Jerez também tem igrejas lindas, arquitetura linda, uma influência árabe um pouco mais moderada, ruínas de muralhas romanas, mas o que me marcou nesse lugar foram as pessoas. Eu tava assim mega-sem-jeito de passar a noite do reveillon com uma família que não conhecia, mas só vendo pra crer na receptividade e educação dessas pessoas. Todos queriam que eu provasse de tudo, conhecesse tudo, queriam que eu falasse coisas do Brasil, elogiaram meu espanhol, meu inglês, minha simpatia [!?], o dono da casa me levou no porão pra que eu provasse o autêntico vinho de jerez que ele tinha armazenado num barril cheio de cuidados, enfim, uns fofos! Assim sendo, minha virada de ano foi super agradável. Um jantar numa mesa linda, enorme, cheia de comida, muitas completamente novas pra mim. Uma variedade de mariscos enorme: almejas, moluscos, mexilhões, percebes, caranguejo, camarão, lula, salmão... além do pato, das tortillas, dos canapés, da morcilla, do jamón. Morri de tanto comer! Na hora da virada a tradição: 12 uvas, uma para cada badalada. "Clara, no Brasil se comem as uvas?" sim, mas são só 7. "E o que as pessoas fazem no resto das badaladas?" Hahahaha!! Os pobres não entenderam nada de porque 7 e não 12, e porque elas não tem relação com as badaladas, e quando eu falei das 7 ondas então.. aí embaralhou geral. Eles já imaginaram a gente pulando a onda e comendo a uva ao mesmo tempo. O mais estranho é que na meia-noite, hora em que aí no Brasil tá todo mundo gritando, se esgoelando, os fogos truuando, aqui tá todo mundo em silêncio absoluto, com a boca cheia de uva, muito concentrado no som das badaladas.

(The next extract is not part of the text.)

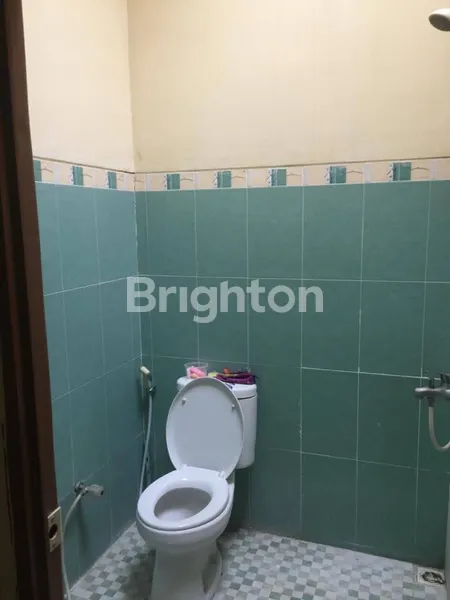 image RUMAH 2 LANTAI BAGUS TERAWAT RUNGKUT MAPAN DEKAT MERR, MCD, UPN, UBAYA, AKSES TOL STRATEGIS (5)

FOTO: JEREZ E SUAS MURALHAS.

FOTO: CEIAZIEENHA DE ANO NOVO.


VÍDEO: ESPERANDO A MEIA-NOITE E AS 12 BADALADAS.

Depois do jantar a "ala jovem" da festa partiu pra Puerto de Santa Maria, uma praia pertinho, equivalente ao nosso Porto das Dunas, cheia de casas de veraneio incríveis. Deixamos as coisas na casa de praia e fomos pra uma festa na casa de um amigo do pessoal e depois pra uma disco no centro. A festa foi até as 9h da manhã.
Acordamos às 2h porque ainda ia rolar em um restaurante o almoço do dia do santo do pai e do sobrinho do Pablo. Como assim? Pois, aqui as pessoas comemoram o Santo. Funciona como o seu aniversário, todos te dão presentes, te parabenizam, mas na verdade é o dia do Santo que tem o seu nome. No caso o nome dos dois era Manolo (o equivalente a Manuel), e eu jamás sabia que existe esse santo e ainda por cima que o dia dele é 1º de janeiro. Maaais comida, maais vinho. Um leitão, tipo o nosso à pururuca, mas com a carne de porco mais macia e saborosa que eu ja provei, desmanchando mesmo. Avestruz com um molho de queijo, morcillas e mais morcillas, legumes. Pra fechar uma crema catalana: uma papinha de baunilha com açúcar derretido por cima. Voltando do restaurante a família decidiu que tinha que tomar uma caipirinha pra homenagear a brasileira. Paramos num barzinho bem legal e tomamos uma caipiríssima (feita com rum, na falta da cachaça), avisaram pro garçon que eu era brasileira e ele ficava se justificando o tempo inteiro pela falta da cachaça, pra saber se eu tinha aprovado. Hahaha! Mega-especialista em caipirinha, eu, né?! Antes de pegar a estrada de volta pra Sevilla o povo da casa tava fazendo sanduíches de jamón pra gente. Socorroo! Não cabe mais comida! Mas eles insistiram tanto que a gente acabou levando pra comer no caminho. E aí estrada, dormir, aeroporto, avião, aeroporto, trem, metrô e hogar, dulce hogar.

Assim foram as minhas festas. Cercada de amigos, de gente atenciosa e simpática. Conhecendo lugares e sabores novos, experiências novas. Melhor não poderia ter sido. Papai Noel caprichou.